**Data shown:**
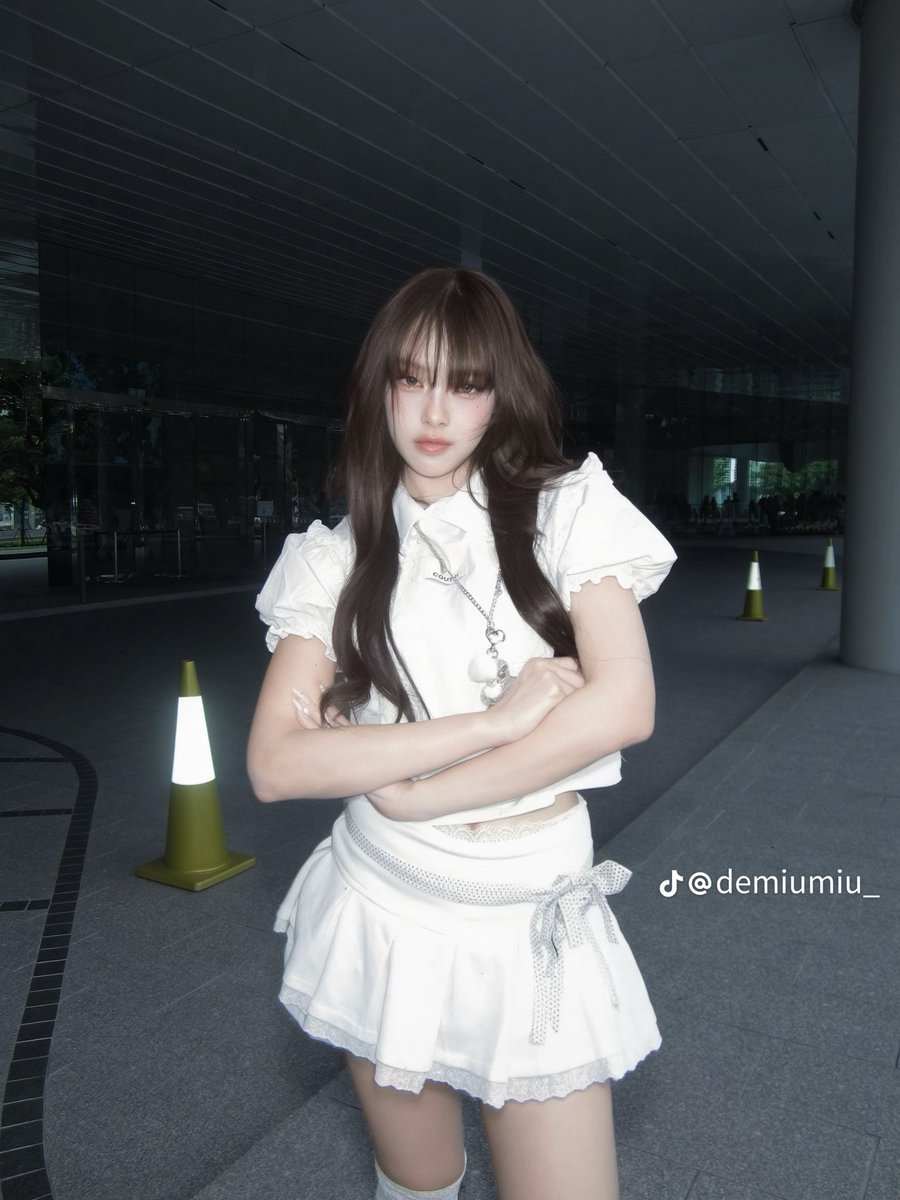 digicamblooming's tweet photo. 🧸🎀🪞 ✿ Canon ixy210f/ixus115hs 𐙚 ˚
* * *
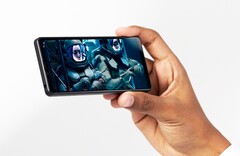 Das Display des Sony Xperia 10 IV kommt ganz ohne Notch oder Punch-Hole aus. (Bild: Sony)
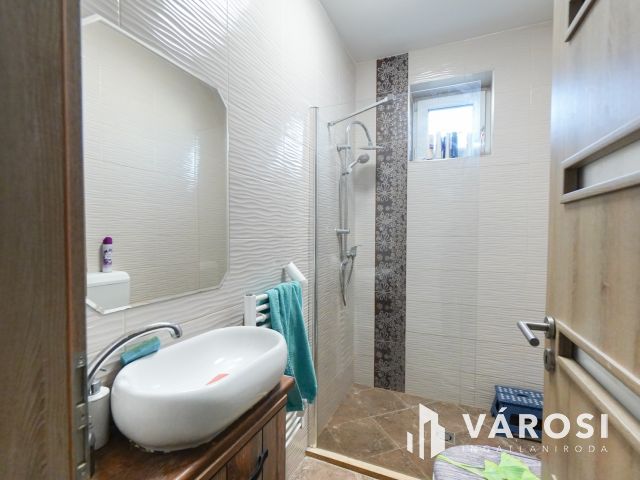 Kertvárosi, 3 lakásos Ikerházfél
...
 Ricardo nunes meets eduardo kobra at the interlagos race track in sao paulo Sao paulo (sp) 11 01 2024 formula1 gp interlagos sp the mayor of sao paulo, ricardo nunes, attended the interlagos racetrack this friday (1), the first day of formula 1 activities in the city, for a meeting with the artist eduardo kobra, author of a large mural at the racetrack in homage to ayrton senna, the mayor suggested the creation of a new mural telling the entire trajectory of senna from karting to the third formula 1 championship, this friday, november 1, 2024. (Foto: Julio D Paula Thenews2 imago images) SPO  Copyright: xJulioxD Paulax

**Task directions:** Please set down, exactly and with no pictures, the lines in the entries above starting at the one holding "Das Display des" and ending at the one holding "Kertvárosi, 3 lakásos Ikerházfél", ends included.

**Solution to the problem:**
 Das Display des Sony Xperia 10 IV kommt ganz ohne Notch oder Punch-Hole aus. (Bild: Sony)
 Kertvárosi, 3 lakásos Ikerházfél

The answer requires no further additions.